At the end of 2012 I set myself a goal to try & predict the 2012 Hottest 100. Little did I realise what a daunting, complex task I had set myself. After screwing around with a pile of hand-rolled scripts, 3 virtual machines, about a dozen SSIS packages, around 6 SSAS prediction models, a PostgreSQL database, a SQL Server OLTP DB, a SQL Server OLAP DB and more knowledge of the Fuzzy Lookup transform that I will ever admit to, I decided to start over with simpler, incremental goals.
Eventually I still want to predict a Hottest 100 chart but to get there I’m starting with smaller data sets and asking simpler questions. This page will be my diary.

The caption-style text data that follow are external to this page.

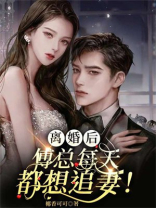 离婚后傅总他追悔莫及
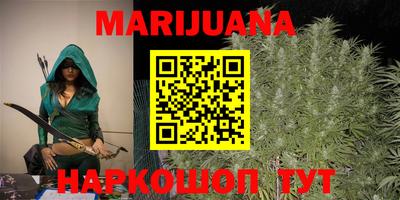 кокаин VHQ Будённовск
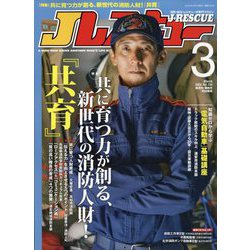 Jレスキュー (ジェイレスキュー) 2025年 03月号 [雑誌]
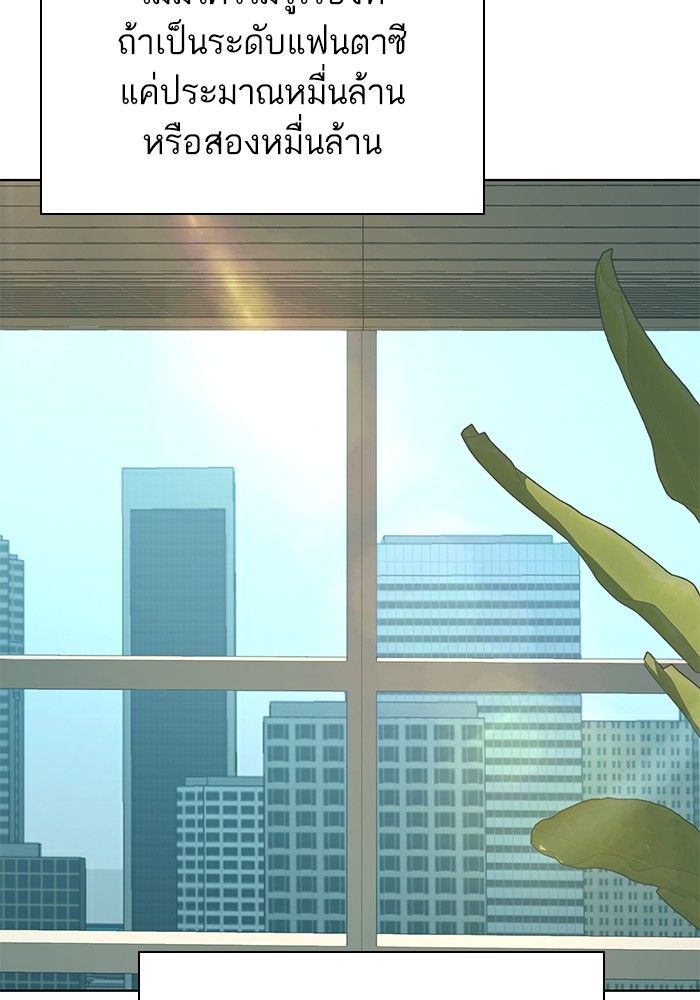 The Chaebeol’s Youngest Son ตอนที่ 101 134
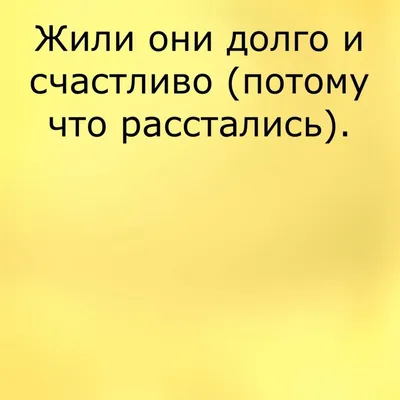 Анекдоты И Смешные Картинки в Instagram: «#отношения #расставание  #долгоисчастливо #счастье #конец #сказка #пара #смешно #весело #заб… |  Картинки, Смешно, Отношения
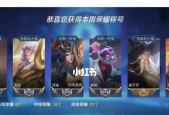 王者荣耀小国标排名是多少？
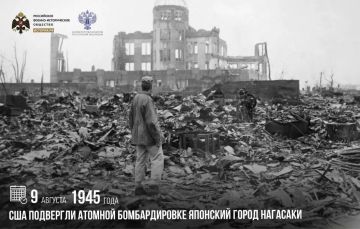 ���� �������: 9 ������� 1945 ���� ��� ��������� ������� ������������� �������� ����� ��������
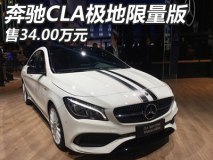 售34.00万 奔驰CLA 220极地限量版上市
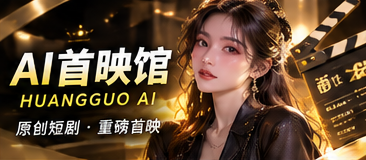 隔壁住着小机器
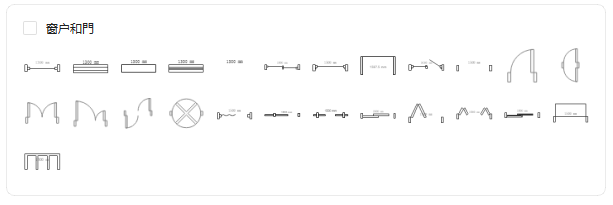 建築圖符號-窗戶與門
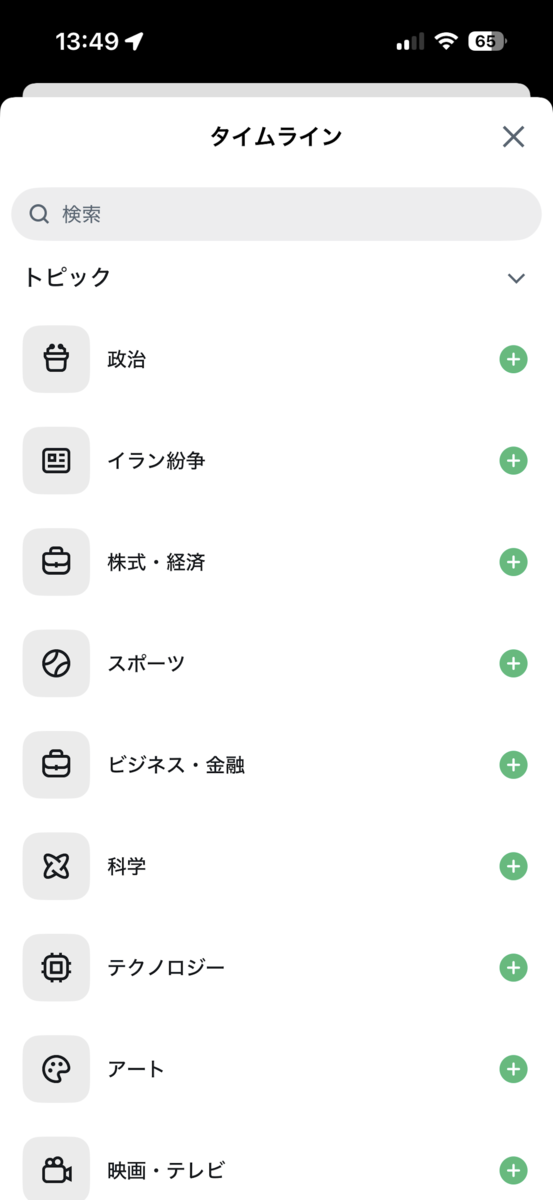 新機能の利用イメージ（2）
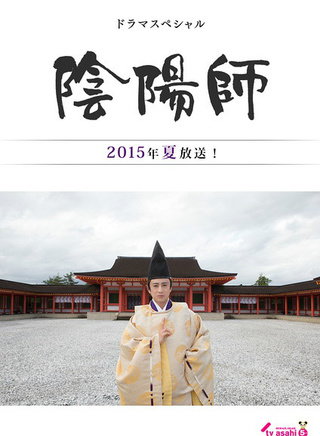 堂本光一 堂本光一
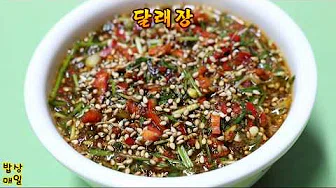 달래비빔밥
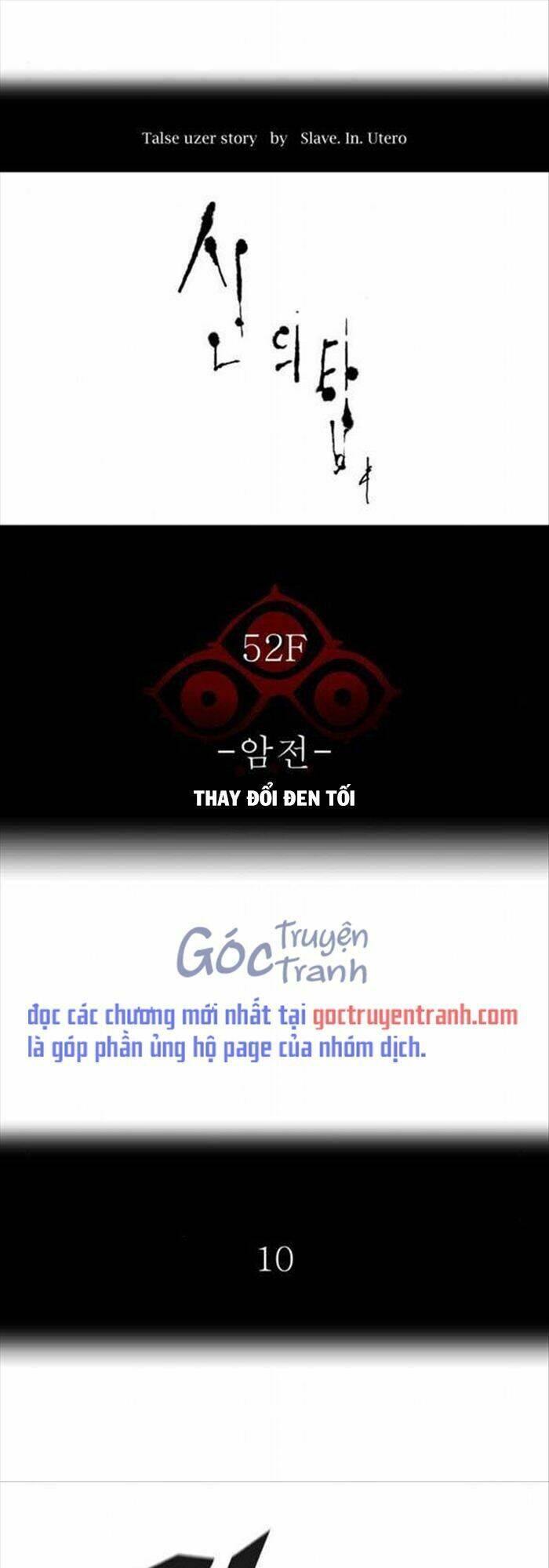 Tòa Tháp Bí Ẩn 2 Chapter 508 - Trang 2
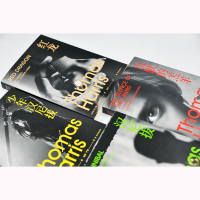 [M]沉默的羔羊四部曲(《沉默的羔羊》+《红龙》+《汉尼拔》+《少年汉尼拔》)(全4册)-9787544784689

H100.2: Is there a correlation between play counts during certain times of the year and Hottest 100 success? (in progress)

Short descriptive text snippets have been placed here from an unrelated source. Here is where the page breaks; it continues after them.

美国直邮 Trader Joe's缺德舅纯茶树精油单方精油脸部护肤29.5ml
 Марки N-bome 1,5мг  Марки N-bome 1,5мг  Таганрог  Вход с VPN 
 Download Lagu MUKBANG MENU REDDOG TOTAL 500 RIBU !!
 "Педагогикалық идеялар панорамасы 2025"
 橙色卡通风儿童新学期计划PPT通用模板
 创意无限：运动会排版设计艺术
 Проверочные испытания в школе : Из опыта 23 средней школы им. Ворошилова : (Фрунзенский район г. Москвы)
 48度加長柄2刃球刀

Pick some of the more useful factors and build a more complex model (clustering & decision trees is about all I could do at the moment).
- YouTube Plays
- Social Media mentions
- Try and extract genre from MusicBrainz
- Play data from ARIA & other non-JJJ sources
I’m doing this using the R statistical programming language and the RStudio IDE. I’ll include all of my exploratory files as well as the clean write-ups, R markdown files and data when I upload something. It’s a pretty cool tool & I’m fairly new at this stage. If you know a better way to do something I’ve done, please tell me!
I’m trying to predict 2 outcomes from my data: a binary outcome defining if the song is in the top 100 or not and given that a song IS in the top 100, it’s rank. I’m hoping to generate a probability model for the former and a continuous variable for the latter. This will mean prediction takes two steps, or two models but it makes the problem easier to solve. In theory the body of eligible songs are ranked by JJJ from 1 to N everything between 101 and N is hidden from us.